Jazz Star McBride To Rock Iron Horse
By by BRETT BREHM, Contributing Writer
Pick out a handful of contemporary jazz albums at random, and there's a good chance you'll find bassist Christian McBride on more than one of them. McBride, who will perform with his band at the Iron Horse Music Hall in Northampton on Wednesday, Sept. 20. has appeared on over 100 albums since bursting onto the scene in 1989 with saxophonist Bobby Watson.

To gain experience as an aspiring young jazz bassist, Christian McBride resolved to play in as many unfamiliar musical settings as possible. This initial courage and ambition propelled him to the forefront of the jazz community, where today he is widely regarded as one of the most versatile young bassists on the scene.

For his Iron Horse date, McBride, who plays both electric and acoustic bass, will be joined by a group of like-minded young virtuosos: Ron Blake on sax, Shedrick Mitchell on keys and Kareem Riggins on drums. The group will perform tunes from McBride's latest album, "Sci Fi." The album features several originals by McBride that have a feel and groove reminiscent of the jazz-rock era of the '70s and early '80s.

Those familiar with Herbie Hancock's monumental jazz-rock album, "Head Hunters," will certainly dig "Sci Fi." McBride's song "Via Mwandishi" harkens back to Hancock's influential fusion band of the early '70s, while "Havona" pays tribute to the late, great bassist Jaco Pastorius and the "Weather Report" band, another big group in the fusion movement.
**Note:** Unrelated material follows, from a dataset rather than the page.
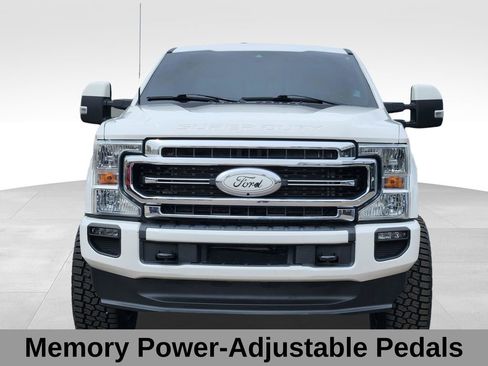 Used 2022 Ford F350 Lariat w/ Lariat Ultimate Package AWD/4WD image 7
With "Sci Fi," McBride also delves into the popular music arena by including songs by Steely Dan and the Police. His creative arrangements of familiar rock and pop standards always bring new life to recognizable, standard rock songs. In "A Family Affair," one of McBride's earlier albums, he focused on rhythm and blues, fusing jazz elements with R&B tunes by Stevie Wonder, Sly Stone, Kool and the Gang and Earth Wind & Fire. The album garnered praise from jazz critics and, like "Head Hunters," succeeded in bringing together two different musical genres with effective results. These albums stand out as testaments to McBride's remarkable versatility.

McBride started playing the bass when he was eight years old. Growing up in Philadelphia, he was influenced by jazz and by the R&B bands his father played in. While he studied classical bass in high school, he also pursued jazz. His success in high school won him a scholarship to the Juilliard School.

After the first year, however, he found it difficult to balance his studies with all the playing he was doing with jazz groups in New York. It's remarkable that at the age of 17, McBride was able to perform as much as he did in New York, a difficult place to make it as a musician.

After working with established jazz musicians Bobby Watson and Freddie Hubbard, McBride started playing with Joshua Redman, an aspiring young saxophonist just out of Harvard University. It was through Redman's group that McBride began to gain the widespread recognition that he enjoys today. The group played straight-ahead jazz, compositions by Redman and McBride and some progressive jazz. Their albums won the praise of critics for the outstanding young talent they showcased.

Expect to hear jazz, but also rock, funk and R&B at McBride's performance. His experience and his innovation should make the show a memorable experience.